I fell sick for two whole weeks when he finally left. I lost my voice. I became incapable of speaking this very trauma-induced pain of him, this pain of my own mind. In fact, I had lost my mind.

I went to all of the dark places, because I convinced myself that that’s where I needed to go to find him. And my ego and I would pull us both out of there, into light, into safety, into love.

I know now that he’ll never come back to me. Not that I need him to, in my healthier state of self-love. For he knows he’ll never be able to give me what I need, even if I sometimes forget it. He won’t respond to, address or hear my attempts of reaching out or reminiscing, because he knows that I’ll come around and one day, once again remember he can’t love me the way that I can love myself. And that will hurt him and guilt him all over again.

When he finally left me, for the last time– emotionally, mentally, physically, psychologically– he looked me in my eyes and said, “You are a beautiful person.”

And after all of the hurt, the heartache, the mind games and the ego-pain, I felt like maybe, a small shard of my love did really get through. Maybe, after it all, a piece of me was able to reach him.
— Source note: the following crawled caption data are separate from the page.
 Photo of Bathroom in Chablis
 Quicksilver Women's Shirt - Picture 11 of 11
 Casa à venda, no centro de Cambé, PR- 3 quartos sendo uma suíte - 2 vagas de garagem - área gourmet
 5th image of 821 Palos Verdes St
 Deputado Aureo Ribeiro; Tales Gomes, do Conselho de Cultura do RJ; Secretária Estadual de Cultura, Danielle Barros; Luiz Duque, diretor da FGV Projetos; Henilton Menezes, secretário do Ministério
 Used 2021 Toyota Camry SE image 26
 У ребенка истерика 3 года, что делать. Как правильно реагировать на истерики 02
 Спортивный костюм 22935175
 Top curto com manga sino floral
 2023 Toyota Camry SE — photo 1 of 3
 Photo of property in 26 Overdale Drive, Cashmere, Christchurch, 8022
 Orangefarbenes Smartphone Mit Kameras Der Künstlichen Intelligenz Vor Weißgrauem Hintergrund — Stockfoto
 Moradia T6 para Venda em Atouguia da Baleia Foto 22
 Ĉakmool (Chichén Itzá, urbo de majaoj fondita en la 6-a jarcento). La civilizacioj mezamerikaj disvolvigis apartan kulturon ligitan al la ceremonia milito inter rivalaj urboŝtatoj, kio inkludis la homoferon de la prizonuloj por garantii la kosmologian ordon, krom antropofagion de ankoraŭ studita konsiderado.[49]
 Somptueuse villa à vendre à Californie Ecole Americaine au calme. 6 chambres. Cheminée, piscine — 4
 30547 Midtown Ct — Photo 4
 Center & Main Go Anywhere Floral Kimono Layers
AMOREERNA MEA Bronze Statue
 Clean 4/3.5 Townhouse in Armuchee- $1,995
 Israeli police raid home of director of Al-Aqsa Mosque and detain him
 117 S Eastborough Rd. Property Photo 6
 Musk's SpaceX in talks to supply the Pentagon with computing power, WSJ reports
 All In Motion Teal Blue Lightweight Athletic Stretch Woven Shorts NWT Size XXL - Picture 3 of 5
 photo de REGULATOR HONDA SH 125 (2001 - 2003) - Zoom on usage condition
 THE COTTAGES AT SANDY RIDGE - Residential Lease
That, I will never know. But I will remember that moment forever, because it marked the first day of my next and final rescue. The only and the most important one: the rescue of myself, from my own mind. And I knew then that I would be the only one to carry myself into salvation– into love– and that I was the only one standing in my own way. And I knew then that I would be victorious. I will be my own savior. And he will be his own savior. And we will both be beautiful.